In one Western study (soiling children 43/52, 82.7%) the subtype frequency was normal transit (40%), slow transit (29%), and outlet obstruction (21%) [15]. In another Western study (soiling children 90%), normal transit was 50% [17]. In the present study, the subtype frequencies in the soiling group were normal transit (22.2%), slow transit (55.6%), and outlet obstruction (22.2%). This result is worse than those of previous studies and suggests that fecal soiling implies an advanced stage of constipation. The median value of CTT was longer in the outlet obstruction subgroup than in the slow transit subgroup (67.8 hours vs. 59.4 hours). This implies that genuine colonic inertia is very rare in children, even though slow transit is frequent, by definition according to the CTT test.

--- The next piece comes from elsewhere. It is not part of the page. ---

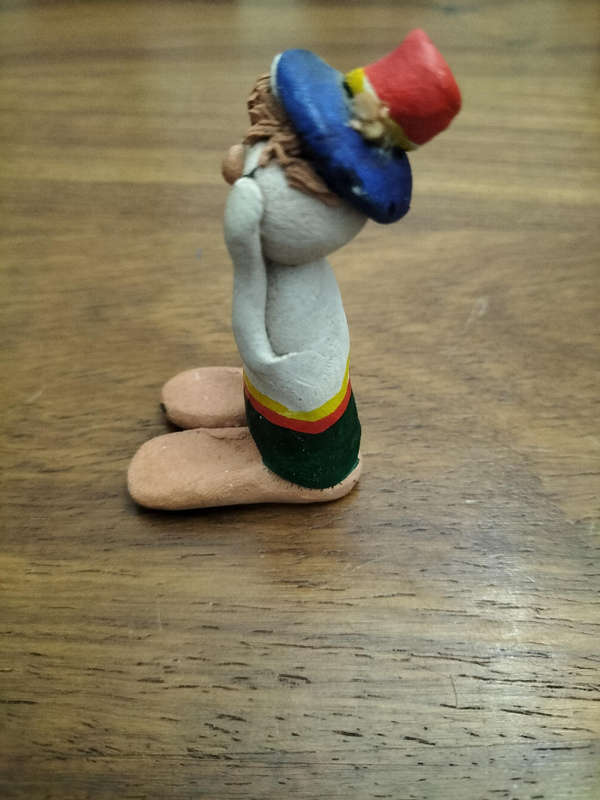 Vintage pottery clown figurine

This study enrolled a large number of children, nevertheless the number in the soiling group was not enough. Further studies of this group are warranted. In 4 children who finally had failure to relax the puborectalis muscle on further study, CTTs were more than 100 hours and these children were excluded from analysis. Eighty-five children whose CTT was less than 12 hours were excluded from analysis as well. We cannot define clinical significance in this group.
It is well-known that the CTT test is important for diagnosis and treatment of constipation in adults. However, it is not clear in children. This study which describes the subtype of constipation in Korean children will provide a basis for further study. Recently, the concept that prolonged CTT might predict a poor prognosis was proposed [18]. Further studies are warranted on treatment and prognosis in terms of subtype of constipation and on the correlation between CTT and drug usage in child with functional constipation.